The Singapore Khalsa Association (SKA) officially re-opened its doors yesterday after a two-year renovation.
The $12 million makeover adds upgrades and new facilities to the new SKA building located in Tessensohn Road, where the SKA had been for more than 40 years.
Deputy Prime Minister Tharman Shanmugaratnam was guest of honour at the building's grand opening.
SKA president Mohinder Singh said a new building was needed to "meet current and future needs".
In his welcome address, Mr Mohinder Singh said: "We hope the enhanced building provides the ambience to attract both the young and old, families and friends from not only the Sikh community but the Singapore community which use the SKA for their events."
The six-storey building has key features such as two ballrooms, one with an enlarged floor space for larger banquets; three new lifts; new offices; a dance studio; new function rooms; and a gymnasium with glass walls. Toilets for the disabled and ramps have been added.
More reception spaces can now be found outside the ballrooms, thanks to semi-circular extensions. A roof-top activity area overlooks the Balestier Plain fields.
The SKA, often regarded as the centre for cultural, social, educational and sporting needs of the Sikh community, is also seeing more "non-traditional" use of its facilities, said Mr Albel Singh, general manager of the association. Prior to the renovation that began in November 2014, the SKA site was primarily used for Sikh weddings and receptions.
Mr Albel Singh told The Sunday Times: "While weddings continue to be popular for 2018, there are also bookings and enquiries for annual general meetings, bazaars, group programmes, meditation classes and fashion shows at the association."

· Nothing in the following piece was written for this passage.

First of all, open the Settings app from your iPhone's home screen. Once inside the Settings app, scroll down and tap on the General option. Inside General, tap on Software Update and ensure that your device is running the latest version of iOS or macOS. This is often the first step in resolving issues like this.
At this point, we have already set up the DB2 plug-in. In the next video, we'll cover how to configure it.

DPM Tharman told guests at the event that the Sikh community has gone beyond serving its own.
He said: "In fact, the association's premises itself has evolved into a meeting place for Singapore Sikhs to network among themselves, as well as with friends from the larger Singaporean community. Almost 70 per cent of bookings for the usage of SKA's facilities are by non-Sikh individuals or organisations."

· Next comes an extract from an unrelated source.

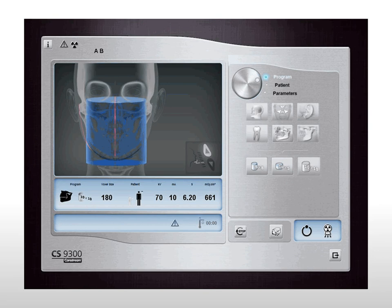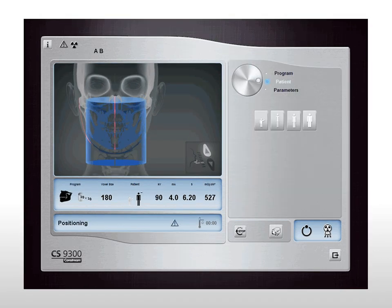Now it's your turn. In the 3D acquisition window, select the jaw program pane. Select settings for 10x10 dual jaw full acquisition. Select settings for patient size medium.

The association's yearly Vesakhi Mela, which celebrates the rich Sikh heritage and tradition, continues to attract more Singaporeans of other races to the SKA.
Each April, multicultural teams compete in games and sports such as soccer, netball and hockey during the Mela.
From its humble beginnings in 1931, when pioneer members had registered the association as a sports club, to the new building in Tessensohn Road, the SKA has come a long way, said Mr Jaswant Singh Gill, 94.
The pioneer said he was proud of what the SKA has achieved.
The first clubhouse in 1931 was a two-room wooden shack in Target Road close to Sungei Bendemeer.
Mr Singh Gill, who was from Raffles Institution, said: "My wish is for the younger generation to take up the patronage and see the association into the future. "They have all the opportunities while we started with very little in 1931."